Sit back and enjoy a bowlful of this delicious creamy pasta, packed with wild mushrooms and sweet crayfish. Ready in just 15 minutes, this pasta recipe is perfect for an easy midweek meal.
- Serves 2
- 5 mins to prepare and 10 mins to cook
- 494 calories / serving
- 150g (5oz) Tesco Finest Linguine Pasta
- 1 tsp Tesco Organic Extra Virgin Olive Oil
- 1 large garlic clove, sliced
- 2 x 100g packs wild Tesco Mushroom Mix, torn into large pieces
- 50ml (2fl oz) dry white wine or fish stock
- 50ml (2fl oz) double cream
- 1 x 120g pack cooked crayfish tails
- 1 lemon, half juiced, half cut into wedges to serve
- 1/2 x 30g pack chives
- In a large pan of boiling water, cook the pasta according to pack instructions.

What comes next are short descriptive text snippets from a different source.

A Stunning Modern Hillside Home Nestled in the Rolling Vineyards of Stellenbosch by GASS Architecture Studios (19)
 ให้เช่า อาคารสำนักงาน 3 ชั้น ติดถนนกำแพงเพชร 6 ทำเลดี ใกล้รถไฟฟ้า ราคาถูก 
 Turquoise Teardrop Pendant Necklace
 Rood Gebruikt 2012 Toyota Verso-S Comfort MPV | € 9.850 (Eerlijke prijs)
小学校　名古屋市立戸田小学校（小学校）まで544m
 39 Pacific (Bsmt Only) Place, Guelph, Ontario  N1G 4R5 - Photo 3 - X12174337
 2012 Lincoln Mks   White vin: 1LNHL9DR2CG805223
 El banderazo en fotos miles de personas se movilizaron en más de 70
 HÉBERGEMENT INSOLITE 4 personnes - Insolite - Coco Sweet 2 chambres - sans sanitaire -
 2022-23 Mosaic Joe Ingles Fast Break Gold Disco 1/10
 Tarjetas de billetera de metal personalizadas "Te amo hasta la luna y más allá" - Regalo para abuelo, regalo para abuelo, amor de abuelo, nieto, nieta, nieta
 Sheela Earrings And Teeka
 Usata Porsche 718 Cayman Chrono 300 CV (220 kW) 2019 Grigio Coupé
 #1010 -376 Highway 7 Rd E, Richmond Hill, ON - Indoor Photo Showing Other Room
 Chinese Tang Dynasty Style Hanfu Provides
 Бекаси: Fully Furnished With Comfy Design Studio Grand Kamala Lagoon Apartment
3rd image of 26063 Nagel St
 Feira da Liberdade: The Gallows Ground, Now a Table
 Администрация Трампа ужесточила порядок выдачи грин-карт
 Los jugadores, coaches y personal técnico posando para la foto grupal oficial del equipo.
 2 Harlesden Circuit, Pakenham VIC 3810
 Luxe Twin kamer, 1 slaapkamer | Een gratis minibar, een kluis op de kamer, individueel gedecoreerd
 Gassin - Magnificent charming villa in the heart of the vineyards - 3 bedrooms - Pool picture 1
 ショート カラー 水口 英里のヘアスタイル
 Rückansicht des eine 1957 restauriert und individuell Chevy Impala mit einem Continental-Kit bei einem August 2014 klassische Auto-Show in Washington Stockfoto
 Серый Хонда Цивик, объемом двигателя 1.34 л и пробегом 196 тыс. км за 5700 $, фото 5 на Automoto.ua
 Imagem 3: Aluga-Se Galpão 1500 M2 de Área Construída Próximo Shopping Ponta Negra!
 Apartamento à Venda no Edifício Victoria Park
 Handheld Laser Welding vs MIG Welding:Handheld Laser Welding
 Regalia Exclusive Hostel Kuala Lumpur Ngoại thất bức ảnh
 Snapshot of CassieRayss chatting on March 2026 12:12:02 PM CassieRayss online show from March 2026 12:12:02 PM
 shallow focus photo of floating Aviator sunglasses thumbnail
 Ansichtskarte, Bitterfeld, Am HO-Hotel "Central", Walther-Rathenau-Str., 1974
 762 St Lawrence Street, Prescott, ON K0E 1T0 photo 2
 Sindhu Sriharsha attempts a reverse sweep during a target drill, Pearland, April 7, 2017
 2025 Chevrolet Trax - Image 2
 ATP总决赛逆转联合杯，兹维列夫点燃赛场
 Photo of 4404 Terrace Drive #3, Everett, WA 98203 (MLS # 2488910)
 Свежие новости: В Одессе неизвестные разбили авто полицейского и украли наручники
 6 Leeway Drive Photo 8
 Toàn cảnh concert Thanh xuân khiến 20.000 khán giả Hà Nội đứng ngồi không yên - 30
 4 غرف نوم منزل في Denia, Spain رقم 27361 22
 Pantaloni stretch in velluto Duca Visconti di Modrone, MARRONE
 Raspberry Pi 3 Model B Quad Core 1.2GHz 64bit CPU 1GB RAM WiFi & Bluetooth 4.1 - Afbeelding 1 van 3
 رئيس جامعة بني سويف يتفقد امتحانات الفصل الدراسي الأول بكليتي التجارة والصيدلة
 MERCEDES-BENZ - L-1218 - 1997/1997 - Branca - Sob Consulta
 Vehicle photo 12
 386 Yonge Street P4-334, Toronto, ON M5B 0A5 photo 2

- Meanwhile, heat the olive oil in a large frying pan, then add the garlic and cook for 1 minute. Add the mushrooms to the pan and stir-fry for 2 minutes.
- Pour in the white wine or fish stock and leave to bubble for 1 minute. Pour in the cream and cook for 2 minutes. Add the crayfish and lemon juice then season. Snip over most of the chives, reserving a few to garnish.
- Drain the pasta and add to the sauce in the frying pan; continue to stir over a low heat for a minute to combine the flavours.
- Serve garnished with the rest of the chives and lemon wedges.